Remember when Filipinos in Singapore wanted to do a loud nationalistic celebration some years back? I compare it to LGBT marches because the Filipinos there wanted to be loud, or bongga as gay lingo calls it. But if they did that, they would be perceived as rebelling against Singaporean authority. It’s a good thing they backed down. Yet, I don’t get why people would want to loudly proclaim who they are, when people can already see it.
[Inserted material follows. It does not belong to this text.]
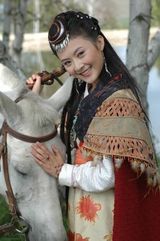 ����д��ͼƬ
I believe LGBTs are mostly accepted. Of course, they had to go through a lot before reaching the point today. I do know about the chemical castration of Alan Turing and physical abuses to LGBTs before. But remember that these abuses are products of culture, and such abuse also happened to people with disabilities, migrants and people identified as nerds, among others. Even harmless religious groups and hobby groups receive raps. There are many reasons people can conjure up to reject and hate people, but it all boils down to getting rid of threats and useless people. As I said previously, you cannot completely remove discrimination unless you remove the culture of marking and removing undesirables. And this is something that exists in all cultures, not just ours.
I also think pride marches have outlived their relevance. They probably had their place in the sixties, when campaigning for rights had its major start and needed a boost to draw people. Today, they’re just commercialized parties, just like beauty pageants.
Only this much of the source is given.